次日,琴昭便把這事告訴楊楫:“她養在咱們家,如果真的有歹意,那可太好下手。”
楊楫清俊的麵容陰沉幾分,如今父親已不管事,叔父也是恬淡的性子,半個國公府的責任都擔當在他的肩上。
他堂堂男兒,連自己的妹子都保護不住,還有什麽顏麵立身於世?
“當真是阿莞做下的事?”楊楫想不通,他那表妹看起來嬌嬌柔柔,怎會有這麽惡毒的心腸:“還是說有什麽誤會?”

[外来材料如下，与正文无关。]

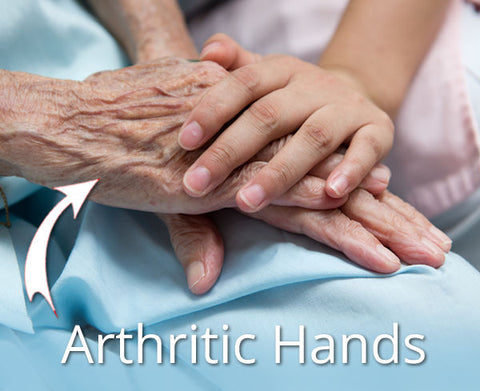 Arthritic hands, fingers and thumbs pain can be most debilitating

“阿芙那孩子都親眼看見了,還能有什麽誤會?”琴昭搖搖頭,歎息道:“楚莞自從來到咱們家,除了香球那事兒,倒也沒捅出簍子。還日日給老太太請安,我向來把她當成孝順善良的好姑娘,誰知私下竟是這番麵孔!”
楊楫沉吟良久,方開口道:“香囊裏確是迷藥?”
“這事沒什麽證據,隻是阿芙這麽說罷了。”琴昭頓了頓:“阿芙既這麽說,我自然是信她的!更何況,沈……沈公子也是親眼瞧見阿芙暈倒的。”
“阿芙是我親妹子,我當然信她。”楊楫麵容多了幾分冷靜:“隻是她畢竟年紀幼小,哪裏能分辨出迷香之味?阿莞身世可憐,若沒有證據,我們自然不能隨意指摘傷了她。”
“我也是這個意思。”琴昭點點頭:“你出府來往方便,也幫忙把這事查妥。”
楊楫頷首,把事記在心裏,又道:“阿莞那邊兒你們少去,雖事情未定,也要防著她。”
“我省的。”琴昭心裏忽然一動,輕聲道:“沈馳公子恰看到了原委,也有心助我們……若是方便,你可以讓他從旁攜助……”
琴昭神情依舊如常,隻眉心似含羞怯,楊楫挑眉看了看這位比自己還小一歲的姑姑,嘴角銜笑道:“我曉得。”
楚莞自從挨了家法,便老老實實呆在積春山館養傷,但山館的門檻依舊快被踏爛了,除了魏夭夭每日來看望問候,就是楊蕖總過去看她的笑話。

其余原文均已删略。